I have to look closer but my main concern is about adding an SGPR argument for this. It doesn’t correspond to a real kernel input, and we didn’t add this to the new ABI register layout proposal. What happened to using some kind of relocation for the kernel ID?

I need to amend the new ABI layout page internally, and possibly pick a different number to burn. Relocation/loader patch doesn't work for this case as a given function may be called from multiple different kernels. In the happy case where a function is only callable from one kernel, the intrinsic should be constant folded (todo self, test/implement that) and still doesn't want a relocation.

As far as I understand this requires a whole program compilation and will not work with late linking?

Depends what you mean by linking really. Because this wires the variable accesses to an internal-linkage table lookup in IR, renaming that table when combining IR later on actually works fine. Each kernel will have an assigned index that makes sense in the context of the only table it can see.

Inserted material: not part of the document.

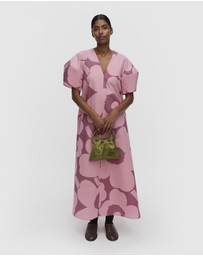Marimekko - Taivut Unikko Dress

The module.lds at address zero trick will break if it's renamed on linking, so that'll need to become something more sophisticated than a string comparison. Also the kernel lds struct named after the current function will break if the kernel is renamed and the struct not. So there's a few edges around incrementally lowering LDS (e.g. allowing calling the lowering IR pass repeatedly) that should be patched up.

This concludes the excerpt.